I was going to chime in and say I'm a pedalboard hack too, but I must have been thinking of something else.


----------



## amagras (Apr 22, 2015)

When I moved to Canada I spent one year without computer or doing any studio work and thinking/practicing guitar almost the whole day, these two are part of that.








There's a third one I recently made here: 
http://www.guitarscanada.com/index.php?threads/77422/


----------



## GTmaker (Apr 24, 2006)

here is my latest pedal board ...
I think anyone who can go to Home Depot can make one. And it really works....
G.


----------



## amagras (Apr 22, 2015)

Is that a dd5 Gino?


----------



## GTmaker (Apr 24, 2006)

amagras said:


> Is that a dd5 Gino?


Funny thing is, I had to go over to the pedal board and see what it is...
Its a DD6.
Arent they all the same?
G.


----------



## amagras (Apr 22, 2015)

I should have suspected that because in the picture it looks like it has stereo inputs.

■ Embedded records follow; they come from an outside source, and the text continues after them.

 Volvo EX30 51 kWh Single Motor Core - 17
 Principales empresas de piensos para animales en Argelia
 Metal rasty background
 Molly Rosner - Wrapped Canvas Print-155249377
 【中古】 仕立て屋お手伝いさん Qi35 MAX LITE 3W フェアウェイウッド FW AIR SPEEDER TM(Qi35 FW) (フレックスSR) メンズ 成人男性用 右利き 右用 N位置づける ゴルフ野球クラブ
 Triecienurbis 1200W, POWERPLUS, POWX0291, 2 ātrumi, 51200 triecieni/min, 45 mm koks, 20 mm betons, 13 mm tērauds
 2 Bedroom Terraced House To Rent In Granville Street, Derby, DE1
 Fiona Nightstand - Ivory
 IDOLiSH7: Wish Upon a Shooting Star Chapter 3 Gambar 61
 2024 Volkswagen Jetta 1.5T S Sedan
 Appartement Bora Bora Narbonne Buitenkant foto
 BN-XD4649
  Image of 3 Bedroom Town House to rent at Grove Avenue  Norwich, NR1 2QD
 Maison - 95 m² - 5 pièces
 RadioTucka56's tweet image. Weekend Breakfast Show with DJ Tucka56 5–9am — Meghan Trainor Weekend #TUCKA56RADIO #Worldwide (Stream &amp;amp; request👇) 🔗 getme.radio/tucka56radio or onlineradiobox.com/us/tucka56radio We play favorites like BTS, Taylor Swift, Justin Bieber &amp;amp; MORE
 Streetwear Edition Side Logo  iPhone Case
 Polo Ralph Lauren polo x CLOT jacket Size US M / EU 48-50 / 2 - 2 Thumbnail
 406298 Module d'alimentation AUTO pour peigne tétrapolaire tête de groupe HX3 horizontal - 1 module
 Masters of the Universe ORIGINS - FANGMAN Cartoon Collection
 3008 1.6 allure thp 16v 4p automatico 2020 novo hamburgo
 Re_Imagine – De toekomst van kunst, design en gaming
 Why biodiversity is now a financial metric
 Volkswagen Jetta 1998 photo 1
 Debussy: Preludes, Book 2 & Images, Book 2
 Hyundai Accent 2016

Great pedal, I used to have one (don't remember if 5 or 6) and I miss it, it's built like a tank, the sound is closer to the dd3 (to me) and it has almost the same features. Thanks


----------



## 335Bob (Feb 26, 2006)

A 32"x 16"x 6" road case with insert that I built to house an FAS FX8, 2 expression pedals, a G String, EP Booster, A/B/Y switch and tuner. Flip top lid for easy access to wiring and power supply. Everything is wired to the front locking inputs.It makes for a quick setup and tear down.


----------



## flyswatter (Apr 6, 2016)

I use a piece of 5/8 plywood covered with the type of carpet used to cover bass and PA cabinets. You can find that stuff in any good electronics suppliers (cause the guys that build custom woofers for car audio use it too). It is cheap and will hold the hook side of any velcro on the bottom of your pedals. Covering the entire board makes it look clean, keeps you from getting splinters from the plywood, and lets you rearrange the pedals anyway you want.

I have 3 or 4 different sized boards that cost me something like 20 bucks in total to build (not counting the cables).


----------



## allthumbs56 (Jul 24, 2006)

Old suitcases make great pedalboards:


----------